I narrowly miss a fence post and skittle around a bush before flying right over the top of a hillock, I was supposed to swerve around.
Some totally “xxx-treem” dudes do this on purpose, off far greater jumps – I am not one of them. Turns out I’m not actually going at kamikazi speeds, I’m just a wimp, there’s no massive air, there’s no wipe out… just tipping over to one side. I correct my direction and away I go.
The others are far enough away not to see them, but close enough to see their cloud of dust. Gah!
Get away vehicles
I refocus and look at the trail ahead, remind myself of the arcade days of sitting on bike simulators and away I go, forecasting turns and twists in the track, leaning into the corners and eventually smiling. The smile doesn’t last for long though as I catch up to the dust storm of the others and tiny bits of the desert floor fill every one of my available orifices in my head. I’m practically on my way to winning the Baja/Cannon/Gumball 3000. We corner the old windmill, over a bridge and past a cow skull on a fence post. We really feel lost in the outback, you imagine these trails may go all the way to either east or west coast, if the petrol doesn’t run dry. Fortunately just as the saddle sores begin to kick in we round the final corner and are back to where we started.
We’ve all acquired quite a tan since starting out. A tan that will require a decent showering, and a touch of exfoliating if I were to princess myself – and I do deserve it.
After loading the bikes onto the trailer we pile into the minibus and share stories of speed and adrenalin, of near-tippings and good times all the way back to Alice.
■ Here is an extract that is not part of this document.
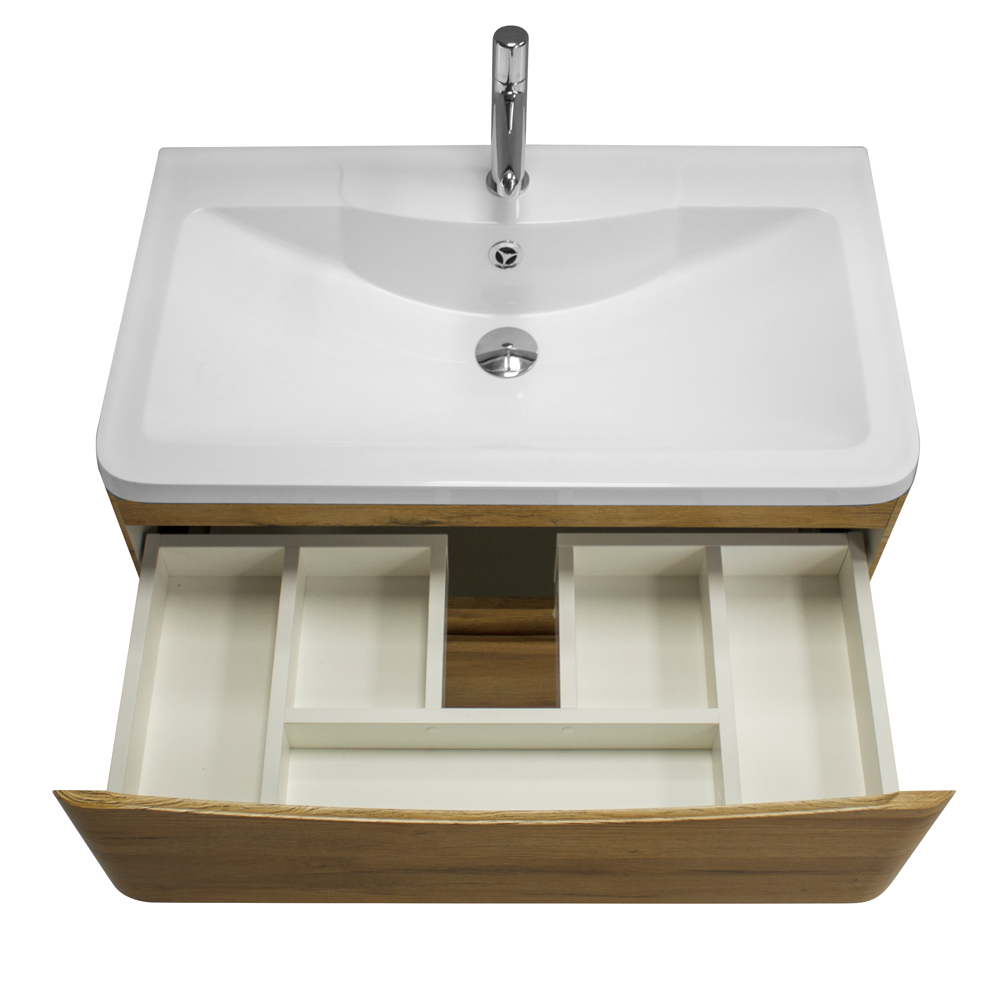 фото Тумба с раковиной подвесная BelBagno ACQUA 80 Rovere Rustico, раковина белая 
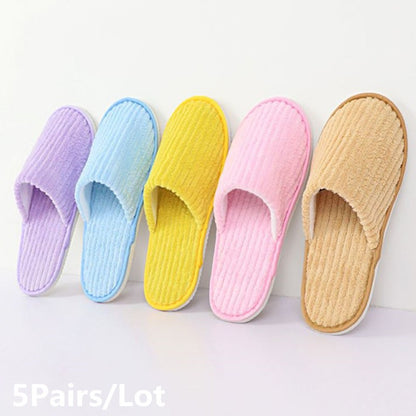 5 Pairs/Lot Mix Colors Men Women Disposable Hotel Slippers Cotton Slides Home Travel SPA Slipper Hospitality Cheap Footwear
Alice: Where animals kiss you
Some things I like: tea, the dizzying genius of Cesc Fabregas and kissing. I really like kissing (unless onion breath is involved). So when the cute woman at Alice Springs’s Reptile Centre asked who I wanted a kiss, I was out of my seat faster than you can say “withorwithtongues?”.
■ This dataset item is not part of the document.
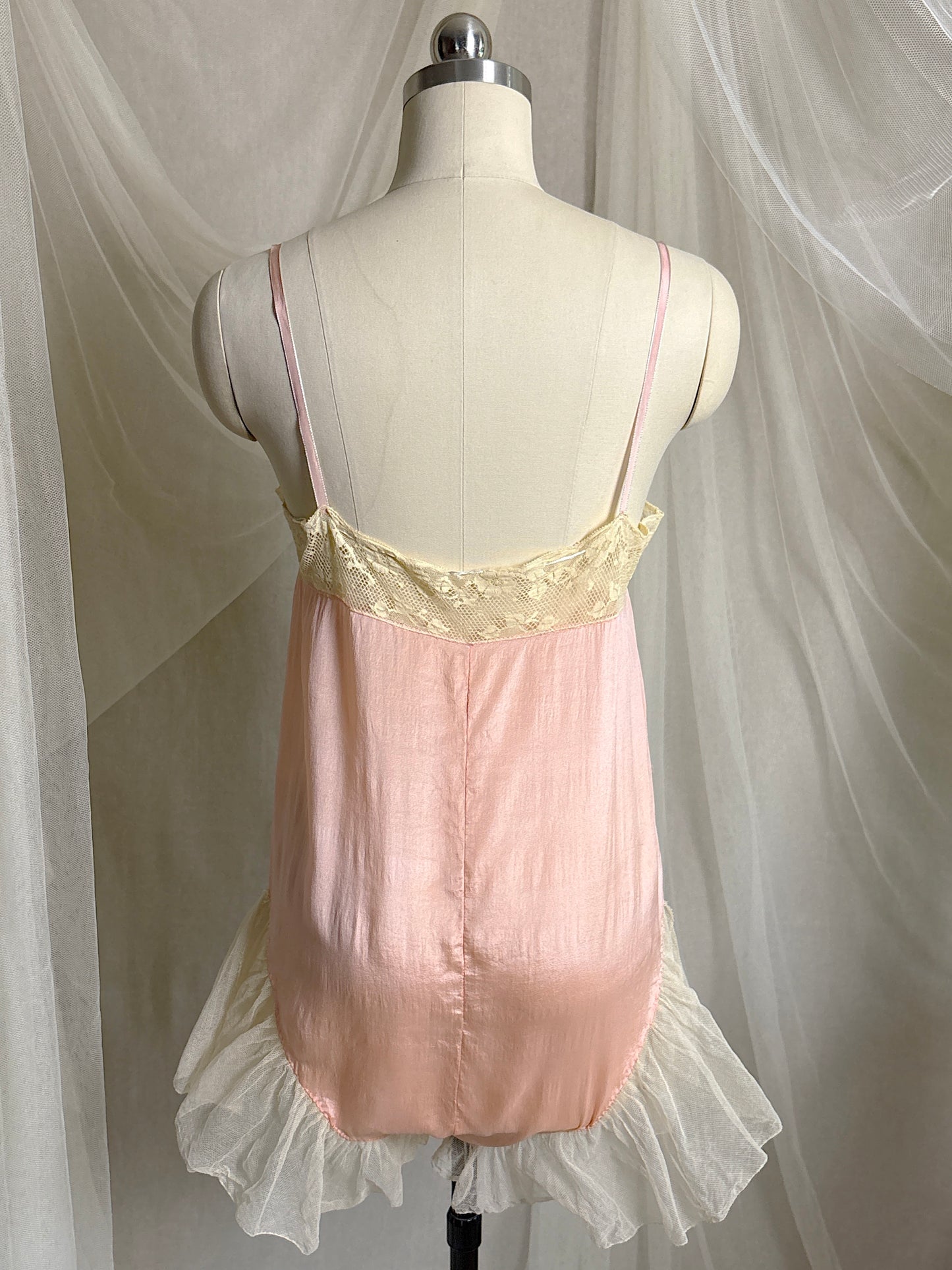 Antique 1920's Step-in Chemise - Tea Rose Pink Silk with Ivory Ruffled Cotton Tulle | XXS, XS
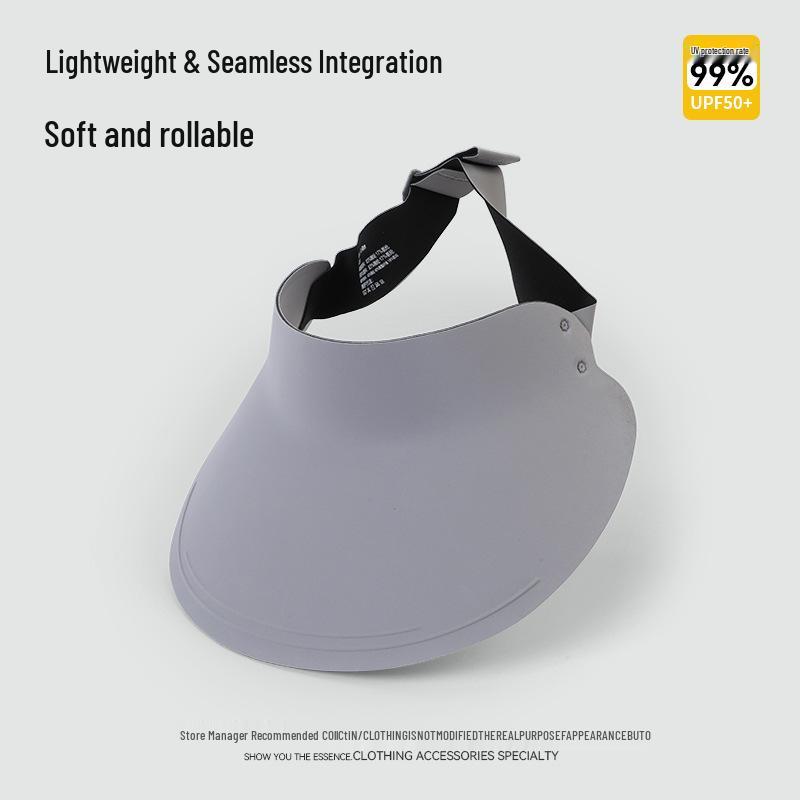 Women s Traceless UV Protection Open-Top Sun Hat with Ponytail Tie for Summer светло-серый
I got in position – eyes closed, head bent forward expectantly, lips pouting. She pulled a lizard out of a bag. “This is Casanova,” she said. “It’s a blue tongue lizard and it’s going to kiss you.”
I was a little disappointed. I don’t tend to kiss animals, as a rule. But then the little lizard stuck its little tongue out and, true to promise, gave me a little kiss on the cheek.
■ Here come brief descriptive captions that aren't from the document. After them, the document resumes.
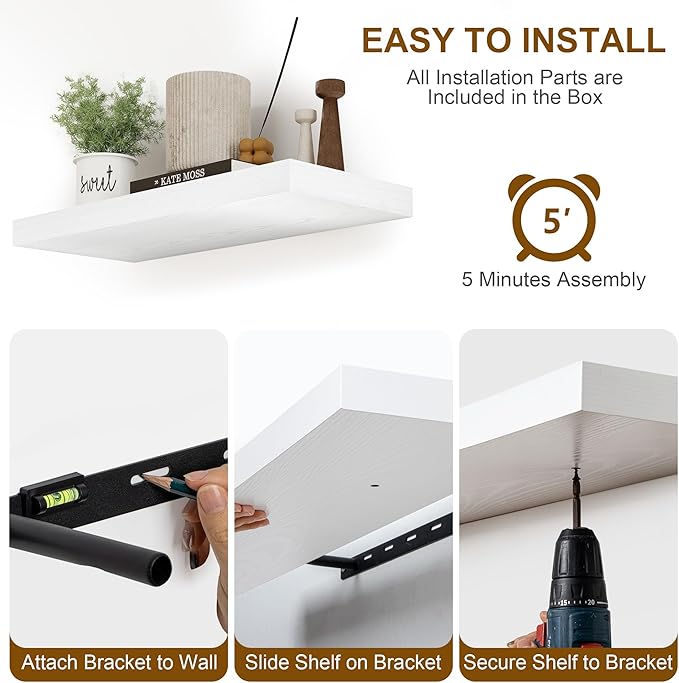 White Floating Shelves 48 Inch Long, 8 Deep Floating Shelves for Wall, Rustic 48" Long Fireplace Mantel, Large 48 x 8 Wall Shelves for Bedroom, Living Room, Bathroom, White Deep Shelves Set of 1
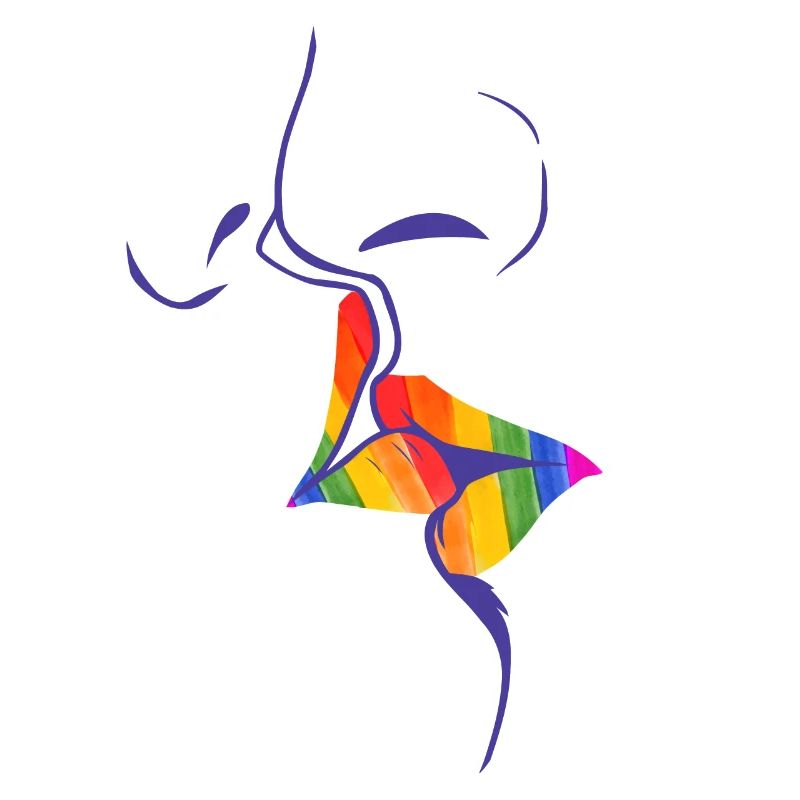 Rainbow Kissing Lips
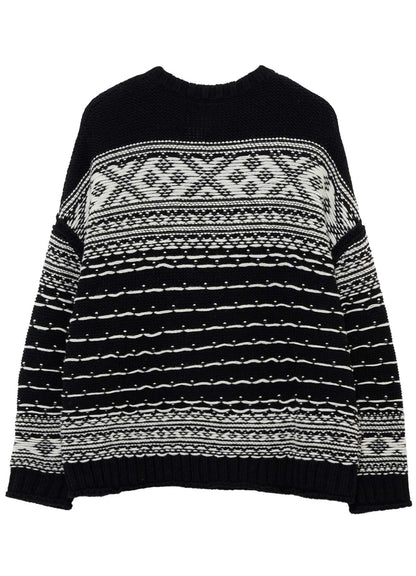 BULKY REVERSE JACQUARD BIG PULLOVER KNIT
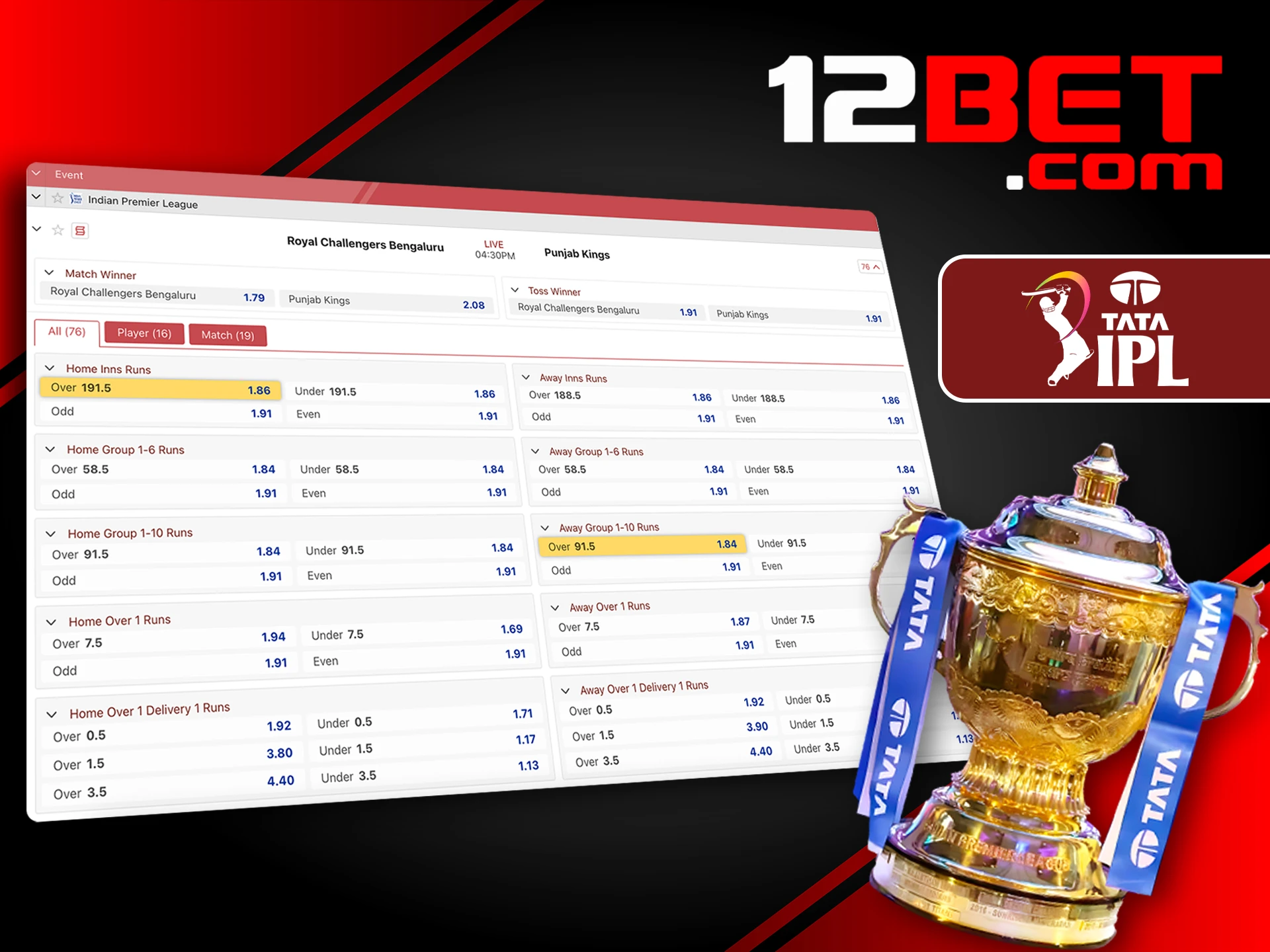 Put your cricket knowledge to the test and bet on the IPL at 12Bet.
I forgot all about the girl. I had just had a kiss from a lizard – much, much better than those disgustingly saliva-sloppy kisses from dogs. And no onion breath. I almost proposed.
Then I listened to an enthusiastic talk about all things cold-blooded by a reptile fanatic, posed with ‘Bea’ the python, met local hero ‘Bub’ – the lizard which once bit Steve Irwin – as well as goannas, thorny devils and even a sulky croc.
There are numerous attractions around Alice, like Desert Park, numerous Aboriginal art galleries (if buying, ensure money goes back to the artists), the School of Air, the Old Telegraph Station and the Royal Flying Doctor Service, but I simply didn’t have enough time, sadly. I did have time to eat a camel.
My hour’s camel ride along the picturesque, yet dry, Todd River was a fun and relaxing way to watch the sun set. Yet when I was offered camel meat at dinner, I had no hesitation in accepting (hmm, salty). Camels are oft perceived as grumpy, reluctant, smelly animals. Which is because they are.
Much as I had turned an important corner regarding animal kissing, I was immensely glad no camels busted a move.
The damage: Early Morning Ballooning rides cost from $230 (30 minute flight and breakfast), plus $25 insurance. Quadbiking: Trail Blazer Tour is $119 (with transfers). Package Deal: Early Morning Ballooning (plus breakfast) & Quadbike is $349.
November 12th, 2007
While trying to drive across the Simpson Desert, LIZZIE JOYCE and her partner were forced to hitch a ride with some dodgy truckers.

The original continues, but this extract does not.